As GoToLoop shows, there is a workaround consisting in saving the frame in another thread: if it is fast enough (ie. about the same speed than building the next frame), it can help a bit; otherwise, you will still see some congestion, if the draw() loop must wait for the save thread to finish its work on the current frame before going on with the next one.

Basically, when you do saveFrame(), don't expect your program to be realtime. It is only appropriate for batch processing of the resulting images.
Ok, but otherwise, what's the best way to turn Processing sketches into animated GIFs? How do those who got all those smooth, fast-running aGIFs do it?
Basically I just played around with making GIFs. And it looks like problem is in the fact that neither browser neither my image-viewer are able to play GIF images with frame rate higher than let's say 7-9 FPS.

Here's link to the GIF i generated from the "red-black" sketch using ImageMagik

this is link to gif  with "0" specified as delay between frames.
http://languagekings.com/processing/redblack_nodelay.gif  ( 357 frames in total about 5.5Mb file)

this is link to gif with "10milliseconds" specified as delay between frames (equal to 100 FPS)


on my machine both of them (when viewing in Chrome) play at around 7FPS

So looks like the problem may be limitations of players rather than GIF-maker.

EDIT2: 

So I decided to try to use only 40 frames from the animation to make GIF. From what I can see on my machine, there's NO perfomance improvement. (At least no significant. Or maybe I am just tired of watching those circles for 1h)...





EDIT:
Here's link to Image Magik page of how to compress GIFs:

As to "fast-running GIFs" - i guess they're very low resolution, eg. 128x128 or smth. Or maybe on top of small dimensions, they have only 20-30 frames.


WHILST TRYING TO FIGURE OUT WHAT WAS WRONG I STARTED DRAFT OF THE POST, MAYBE SOME INFORMATION MAY BE USEFUL:

The Issue of saveImage() slowing down execution is ONLY related to interactive sketches or sketches which rely on clock-related animation.

The original "red/black" sketch on openprocessing is neither. It doesn't use millis()  and thus it's not "clock-related". It just adjusts it's position by frame.

Because of that if you just saveFrame() all of the sequence into a folder you will get perfect and smooth sequence of each and every frame without any animation being lost.

As far I can see the resulting GIF has two separate problems:
a) it's slower than the original sketch
To solve this one, it may be better to simply save frames with saveFrame() and after that just convert them into GIF with some GIF-making tool which allows to specify framerate. Eg. ImageMagik command line utility.

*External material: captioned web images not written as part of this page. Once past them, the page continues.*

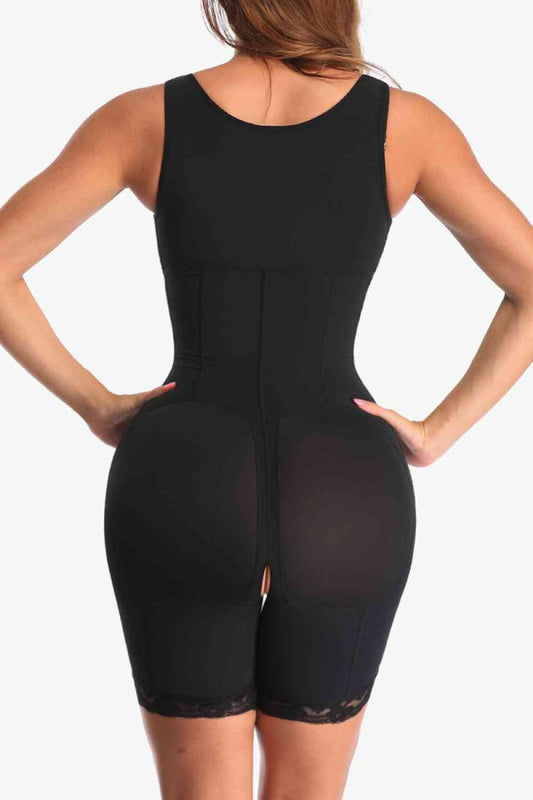 Full Size Zip-Up Lace Detail Shapewear Shop One Place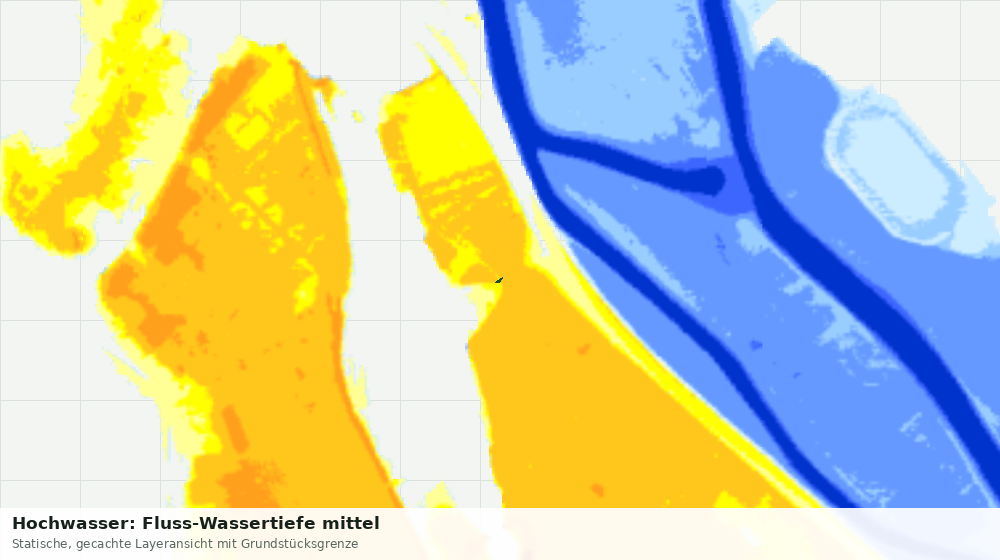 Statische Kartenansicht: Hochwasser: Fluss-Wassertiefe mittel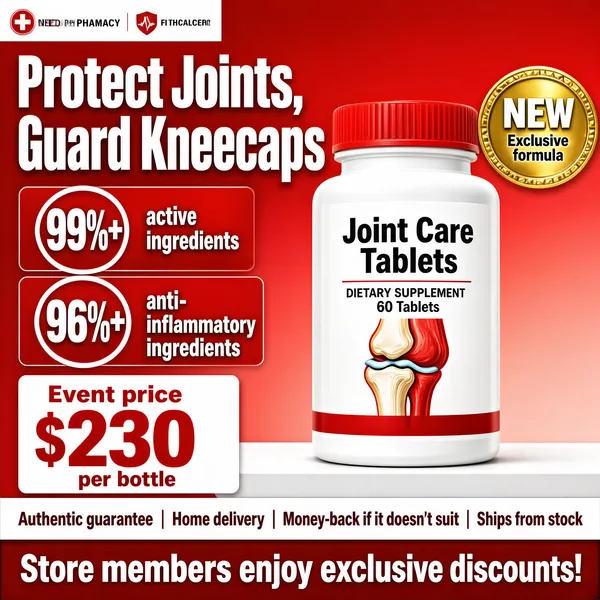 [Format]
Professional e-commerce product main image, square 1:1, bold pharmacy-style supplement advertising with a confident red palette.

[Colors]
A strong red gradient background from #e04a4a to #f6d9d4 toward the bottom; the white bottle with a red cap pops at centre-right; white and red typography; a gold seal and a deep-red bottom band. No frame border.

[Layout]
A slim white header bar top-left with two logo tags. A two-line huge white headline occupies the upper left, followed by two red percentage blocks with white rings. The supplement bottle stands on a white ledge at the right with a bone-illustration label. A gold circular seal floats beside the cap. The bottom third stacks a white claims row and a red member-deal bar.

[Subject]
A white cylindrical supplement bottle with a bright red screw cap; the label shows "Joint Care Tablets" in bold characters with a red joint illustration and "DIETARY SUPPLEMENT 60 Tablets" in small caps; standing on a clean white shelf edge, crisp commercial lighting.

[Headline]
White stack upper left: "Protect Joints, Guard Kneecaps" in very heavy characters. Two ringed blocks: "99%+ active ingredients" and "96%+ anti-inflammatory ingredients" in white on red. Gold seal: "Exclusive formula". Bottom-left card: "Event price $230 per bottle" with "$230" huge in red. White row with dividers: "Authentic guarantee | Home delivery | Money-back if it doesn't suit | Ships from stock". Red bar: "Store members enjoy exclusive discounts!" in white.

[Badges]
Gold "NEW" circular seal; two small logo tags in the top bar.

[Mood]
Assertive, pharmacy-trust styling; saturated red with clinical white, urgent senior-care messaging at thumbnail size.
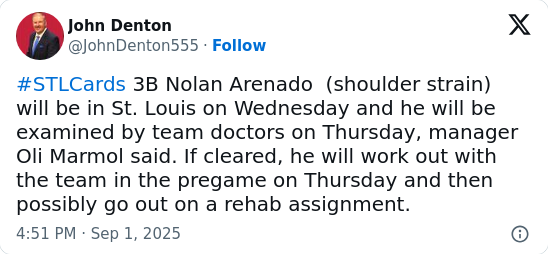Nolan Arenado’s possible return could shake up Cardinals’ September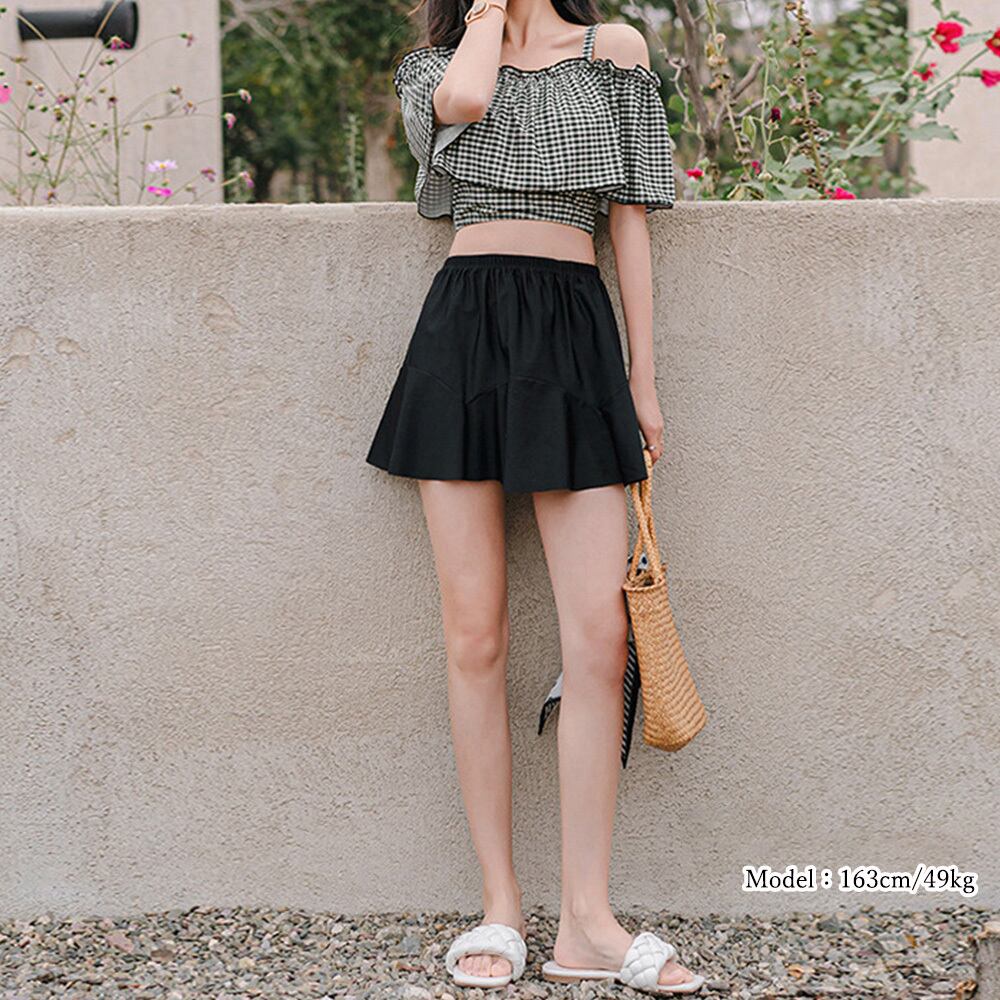 ビキニ 水着 3点セット レディース 夏 韓国 海水浴 プール レジャー おしゃれ 大人 かわいい ギンガムチェック タンキニ 露出控えめ 水着セット ハイウエスト 大人可愛い 大人女子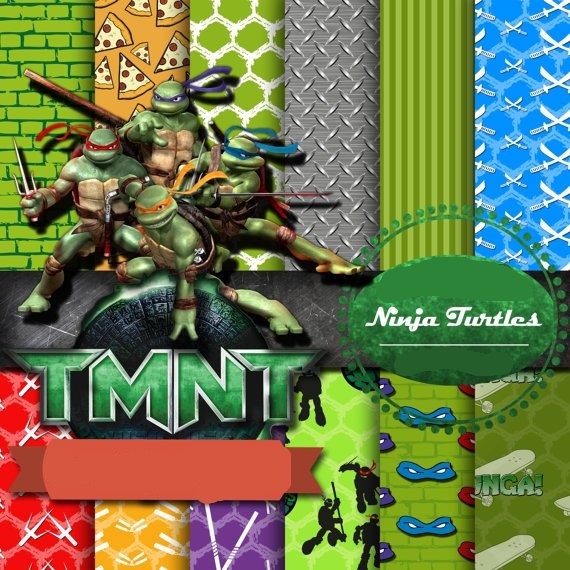 TMNT Kit Digital Papeis Tartarugas Ninja - Imagem 1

In case of this sketch the writing to disk is almost not a problem (because these are red/black images which can compress well), the problem is the converting them to GIF. I tried to use ImageMagik to compress like For me to compress 357 frames (less than 10 seconds of running of the sketch). And ImageMagik (a command line utility written in C++ tool over 30 seconds running all my CPU cores at 100%).  Maybe processing GIF-export library is not so sophisticated as ImageMagik, but we can anyways assume that converting to GIF (palette making, LZW compression) may take some time.


b) the colors are not as smooth as in the original sketch
This one comes from the fact that GIF was invented in 1987. It's VERY old image format, which somehow managed to survive till today.
It only allows to have 256 color-pallete and this is why your colors may not be as smooth as you want. Again there's no much of solution to this.
Also transparency is not represented as alpha/mask, but just as 1 color of 256 color palette, which is rendered as fully transparent dot. (in plain english: dot which is not rendered at all)




Hi there, thanks a lot for all that work and help! :)

I'm wondering right now if maybe I should only save, let's say, every third frame, wouldn't that speed up the animation too (at the expense of it being a bit more choppy)? Can't try it right now though.
Actually that seems totally right! I guess that's really how they create this effect of "fast-moving GIFs" which as our experiments have shown have limited framerate. Kudos!